Yes, that will help to a point. however the two Scottish yeasts most people use adn that are the most readily available put out a lot of butter and banana inherent unto themselves. It kicks higher amounts of diacetyl and almost 2x the threshold amount of banana. Chris white really loves his 028 and calls it 'clean like california ale'. In my experience, I find it to be estery and fusely and not near california.

That being said, I do find that if I use 2x as much as I usually would and oxygen the hell out of the wort, this yeast works great. That can be said for pretty much all yeast treated this way.

I very much do not like fusels in my stronger ales at all which is why I do not like this yeast. There are many many people that love that fusely aroma. Each their own.

If people are going to use it, CarlT gives very good advice.

Anonymous said...

How does the flavour of Invert No 2 compare to the flavour of kettle caramelisation?

Andrew Elliott said...


The invert no. 2 will provide a lot more fruity complexity; kettle caramelization is nigh-on myth for a 90 minute boil. You'd really need a 3-4 hour boil to get anything similar to the sort.

Anonymous said...


Sorry i should have been more specific. By kettle caramelisation I ment drawing off a portion of the wort and boiling it down.
As both are a form of caramelised sugar i wondered how the two would compare.

Kristen England said...


There really is no precedent for this from what I've seen rather than people trying to recreate the long boils (which aren't correct to begin with).

Oblivious said...

"As both are a form of caramelised sugar i wondered how the two would compare."
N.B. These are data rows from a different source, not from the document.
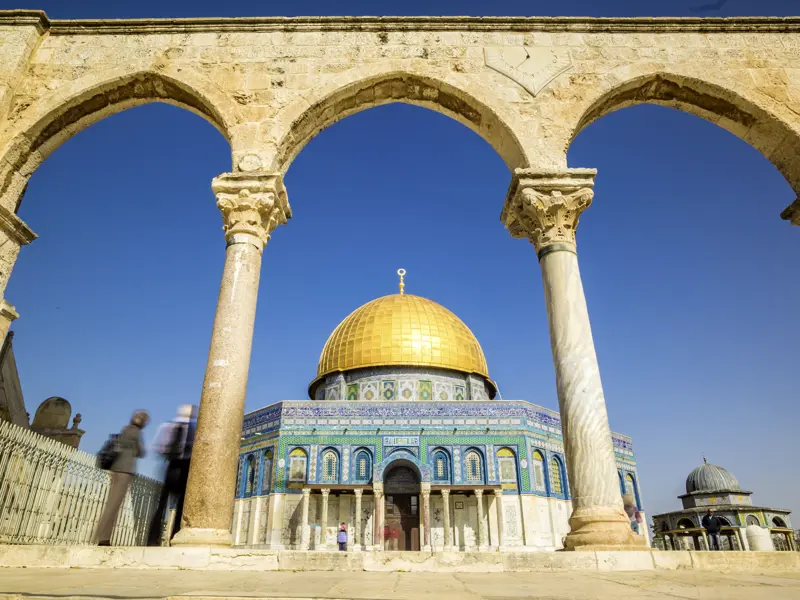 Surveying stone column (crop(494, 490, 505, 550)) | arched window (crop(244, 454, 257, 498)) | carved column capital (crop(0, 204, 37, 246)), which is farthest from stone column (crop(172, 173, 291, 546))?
arched window (crop(244, 454, 257, 498))

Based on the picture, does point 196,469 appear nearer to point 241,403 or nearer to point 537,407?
point 241,403

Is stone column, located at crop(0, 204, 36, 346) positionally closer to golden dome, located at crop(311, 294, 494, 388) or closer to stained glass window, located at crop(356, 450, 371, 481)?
stained glass window, located at crop(356, 450, 371, 481)

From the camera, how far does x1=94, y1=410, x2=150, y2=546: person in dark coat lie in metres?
6.00

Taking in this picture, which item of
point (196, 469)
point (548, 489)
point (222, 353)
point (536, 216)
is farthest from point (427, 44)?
point (548, 489)

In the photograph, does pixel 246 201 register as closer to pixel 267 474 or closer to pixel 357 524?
pixel 357 524

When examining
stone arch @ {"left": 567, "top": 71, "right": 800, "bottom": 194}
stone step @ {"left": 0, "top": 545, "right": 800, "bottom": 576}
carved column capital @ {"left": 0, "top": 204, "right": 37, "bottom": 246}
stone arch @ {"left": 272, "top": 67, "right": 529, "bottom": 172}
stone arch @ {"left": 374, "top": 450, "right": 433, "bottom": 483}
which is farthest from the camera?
stone arch @ {"left": 374, "top": 450, "right": 433, "bottom": 483}

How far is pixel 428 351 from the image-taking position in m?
23.3

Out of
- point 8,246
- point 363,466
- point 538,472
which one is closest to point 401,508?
point 363,466

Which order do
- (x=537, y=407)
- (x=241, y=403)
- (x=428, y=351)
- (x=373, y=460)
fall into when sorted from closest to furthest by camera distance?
(x=241, y=403)
(x=373, y=460)
(x=537, y=407)
(x=428, y=351)

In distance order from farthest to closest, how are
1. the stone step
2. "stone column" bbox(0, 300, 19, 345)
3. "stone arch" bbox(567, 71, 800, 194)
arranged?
"stone arch" bbox(567, 71, 800, 194)
"stone column" bbox(0, 300, 19, 345)
the stone step

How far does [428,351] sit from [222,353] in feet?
61.4

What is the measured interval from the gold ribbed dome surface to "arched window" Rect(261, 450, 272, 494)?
524 cm

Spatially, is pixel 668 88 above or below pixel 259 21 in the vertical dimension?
below

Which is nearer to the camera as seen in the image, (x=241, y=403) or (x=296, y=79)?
(x=241, y=403) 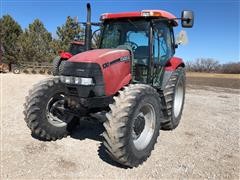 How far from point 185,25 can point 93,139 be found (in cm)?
258

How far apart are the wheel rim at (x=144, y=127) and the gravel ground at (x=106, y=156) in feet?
0.95

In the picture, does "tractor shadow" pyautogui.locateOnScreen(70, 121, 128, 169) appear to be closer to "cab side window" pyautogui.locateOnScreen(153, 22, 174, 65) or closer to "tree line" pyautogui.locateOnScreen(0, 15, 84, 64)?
"cab side window" pyautogui.locateOnScreen(153, 22, 174, 65)

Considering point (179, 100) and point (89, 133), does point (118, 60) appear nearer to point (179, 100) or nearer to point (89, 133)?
point (89, 133)

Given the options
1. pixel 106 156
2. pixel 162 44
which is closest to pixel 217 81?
pixel 162 44

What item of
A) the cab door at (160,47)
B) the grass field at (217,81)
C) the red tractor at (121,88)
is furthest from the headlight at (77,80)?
the grass field at (217,81)

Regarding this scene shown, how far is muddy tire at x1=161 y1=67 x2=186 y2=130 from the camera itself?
5.75 m

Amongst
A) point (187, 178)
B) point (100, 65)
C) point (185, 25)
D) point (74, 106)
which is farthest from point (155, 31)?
point (187, 178)

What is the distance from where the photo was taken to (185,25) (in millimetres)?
5355

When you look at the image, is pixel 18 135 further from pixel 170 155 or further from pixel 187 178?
pixel 187 178

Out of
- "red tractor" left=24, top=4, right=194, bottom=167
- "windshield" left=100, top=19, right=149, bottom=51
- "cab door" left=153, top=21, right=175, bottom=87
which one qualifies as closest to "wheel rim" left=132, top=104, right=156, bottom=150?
"red tractor" left=24, top=4, right=194, bottom=167

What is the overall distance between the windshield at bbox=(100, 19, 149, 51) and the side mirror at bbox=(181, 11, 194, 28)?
645 millimetres

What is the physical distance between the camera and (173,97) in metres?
5.86

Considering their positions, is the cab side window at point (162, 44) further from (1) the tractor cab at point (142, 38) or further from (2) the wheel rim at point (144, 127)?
(2) the wheel rim at point (144, 127)

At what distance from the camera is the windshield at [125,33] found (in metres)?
5.57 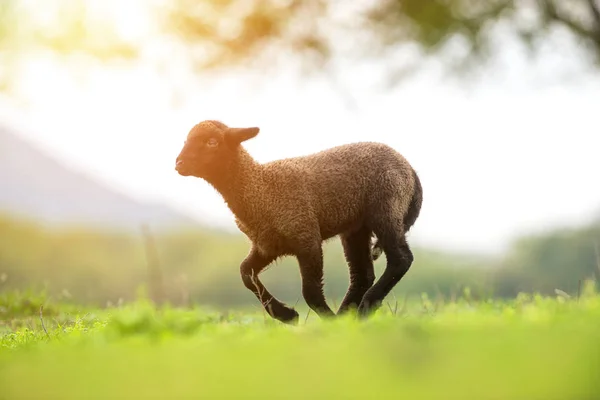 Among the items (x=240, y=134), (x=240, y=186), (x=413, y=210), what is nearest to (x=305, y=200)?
(x=240, y=186)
kettle caramelisation is a wrong term as the wort contains both proteins and lipids, Proteins will react with the free carbohydrates in the boil to from melanoidins,

unlike inverted sugar, that is primarily just pure carbohydrates

Anonymous said...

Right, Thanks for the help. I've been meaning to take the plunge into using invert sugar for a while. This beer seems like a good place to start.

Anonymous said...

You mentioned about the canadian pale and invert "as discussed previously". I'm new here, where was this discussed? Is this explained in the beer styles book? Thanks!

Ron Pattinson said...

Anonymous, it's been discussed in previous Let's Brew posts:

Kristen England said...

Sorry boys. I'll specifically link references from now on.